Information provided below:

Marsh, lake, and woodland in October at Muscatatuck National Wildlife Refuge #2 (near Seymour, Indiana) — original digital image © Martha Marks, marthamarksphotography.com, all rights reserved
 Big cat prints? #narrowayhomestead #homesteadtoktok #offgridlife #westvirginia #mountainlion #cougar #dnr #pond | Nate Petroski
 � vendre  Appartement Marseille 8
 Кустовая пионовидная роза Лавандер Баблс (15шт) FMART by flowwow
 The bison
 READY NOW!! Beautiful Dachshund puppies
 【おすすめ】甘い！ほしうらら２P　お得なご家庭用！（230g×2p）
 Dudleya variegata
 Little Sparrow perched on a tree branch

End of Information provided.

* [Work instructions]: This calls for all of the entries above, repeated exactly.

* [Reply]:
Marsh, lake, and woodland in October at Muscatatuck National Wildlife Refuge #2 (near Seymour, Indiana) — original digital image © Martha Marks, marthamarksphotography.com, all rights reserved
 Big cat prints? #narrowayhomestead #homesteadtoktok #offgridlife #westvirginia #mountainlion #cougar #dnr #pond | Nate Petroski
 � vendre  Appartement Marseille 8
 Кустовая пионовидная роза Лавандер Баблс (15шт) FMART by flowwow
 The bison
 READY NOW!! Beautiful Dachshund puppies
 【おすすめ】甘い！ほしうらら２P　お得なご家庭用！（230g×2p）
 Dudleya variegata
 Little Sparrow perched on a tree branch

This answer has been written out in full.